*Input material:*
········
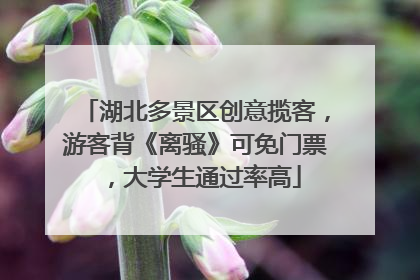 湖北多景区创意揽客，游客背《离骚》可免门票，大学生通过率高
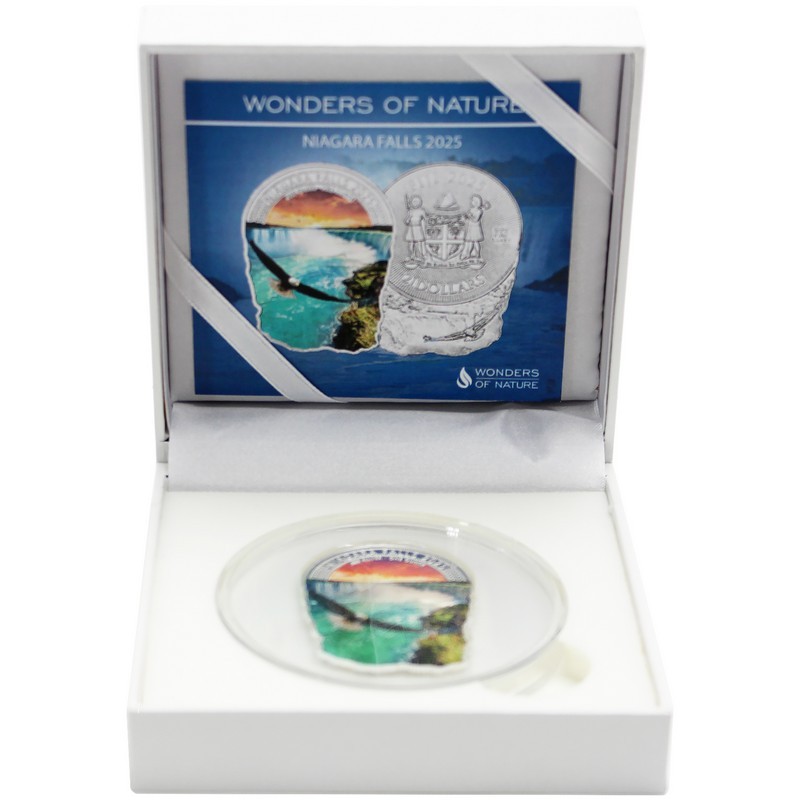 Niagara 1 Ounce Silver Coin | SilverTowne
········
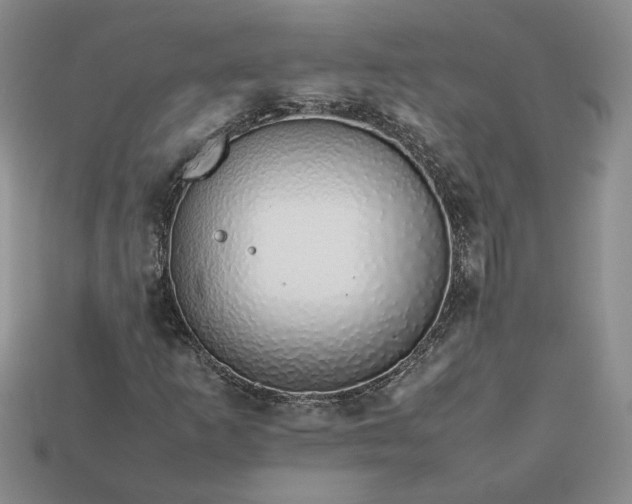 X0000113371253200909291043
········
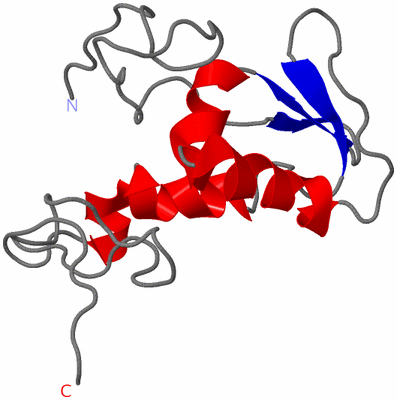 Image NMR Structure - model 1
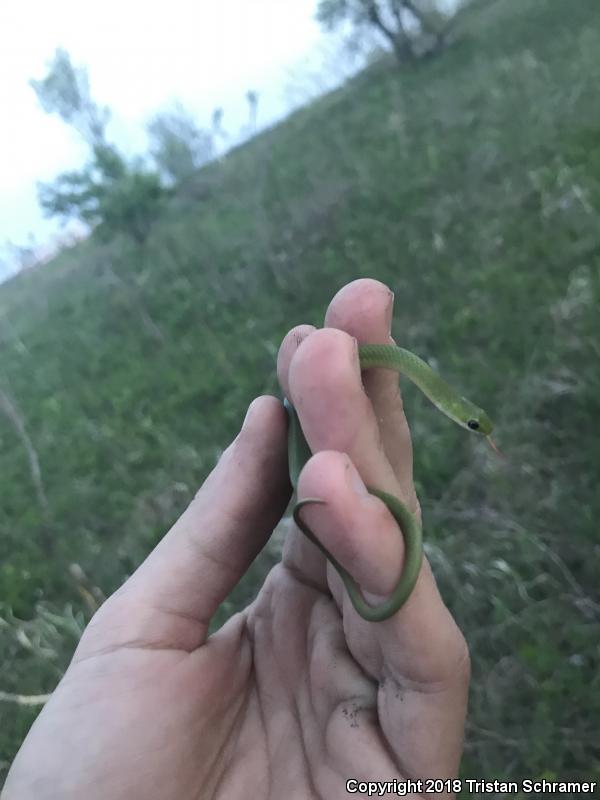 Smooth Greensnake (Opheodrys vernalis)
········
*Your assignment:*
Treat the line with "Image NMR Structure - model 1" as the start and the line with "Smooth Greensnake (Opheodrys vernalis)" as the end, and return exactly that span of the data above, both ends included, without pictures.

*Solution:*
 Image NMR Structure - model 1
 Smooth Greensnake (Opheodrys vernalis)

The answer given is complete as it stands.